New & Noteworthy
October 24, 2013
Current cancer treatments are a lot like trying to destroy a particular red plate by letting a bull loose in a china shop. Yes, the plate is eventually smashed, but the collateral damage is pretty severe.
Ideally we would want something a bit more discriminating than an enraged bull. We might want an assassin that can fire a single bullet that destroys that red plate.
One way to identify the assassin that can selectively find and destroy cancer cells is by taking advantage of the idea of synthetic lethal mutations. “Synthetic lethal” is a genetic term that sounds a lot more complicated than it really is. Basically the idea is that mutating certain pairs of genes kills a cell, although mutating each gene by itself has little or no effect.
A synthetic lethal strategy seems tailor made for cancer treatments. After all, a big part of what happens when a cell becomes cancerous is that it undergoes a series of mutations. If scientists can find and target these mutated genes’ synthetically lethal partners, then the cancer cell will die but normal cells will not.
This is just what Deshpande and coworkers set out to do in a new study in the journal Cancer Research. They first scanned a previous screen that looked at 5.4 million pairwise interactions in the yeast S. cerevisiae to find the best synthetic lethal pairs. They found 116,000 pairs that significantly affected cell growth only if both genes in the pair were mutated.
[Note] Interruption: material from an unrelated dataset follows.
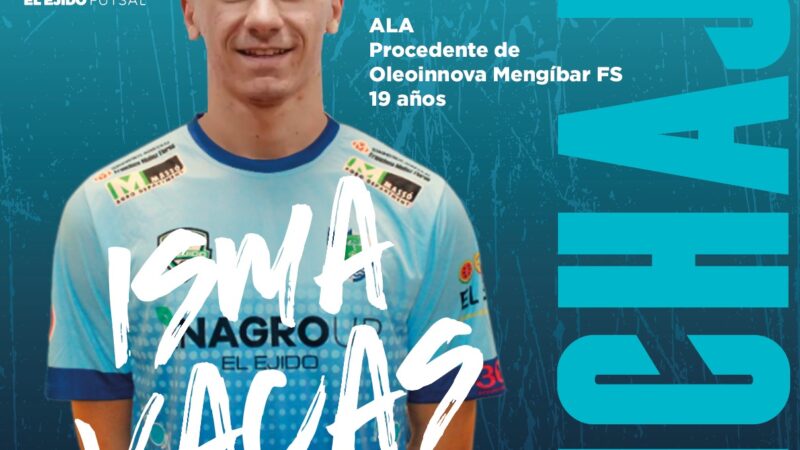 Inagroup El Ejido Futsal incorpora juventud, desborde y velocidad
A deeper look into the data revealed that 24,000 of these pairs had human orthologs for both genes. In 500 of these pairs, at least one of the partner genes had been shown to be mutated in certain cancers. Using a strict set of criteria (such as the strength and reproducibility of the synthetic lethal effect, and the presence of clear one-to-one orthology between yeast and human), the authors narrowed these 500 down to 21 pairs that they decided to study in mammalian cell lines.
When the authors knocked down the expression of both genes in these 21 gene pairs in a mammalian cell line, they found six that significantly affected growth. They focused the rest of the work on the strongest two pairs, SMARCB1/PMSA4 and ASPSCR1/PSMC2. These mammalian gene pairs correspond to the yeast orthologs SNF5/PRE9 and UBX4/RPT1, respectively.
The authors identified two separate cancer cell lines that harbored mutated versions of the SMARCB1 gene. When this gene’s synthetic lethal partner, PMSA4, was downregulated in these cancer lines, the growth of each cell line was severely compromised. The same was not true for a cell line that had a wild type version of SMARCB1—this cell line was not affected by downregulating PMSA4. The authors used a synthetic lethal screen in yeast to identify a new cancer target which when downregulated selectively killed the cancer without killing “normal” cells.
This proof of principle set of experiments shows how the humble yeast may one day speed up the process of finding cancer treatments without all those nasty side effects (like vomiting, hair loss, anemia and so on). Yeast screens can first be used to identify target genes and then perhaps also to find small molecules that affect the activity of those gene products. Yeast may one day tame the raging bull in a china shop that is current cancer treatments.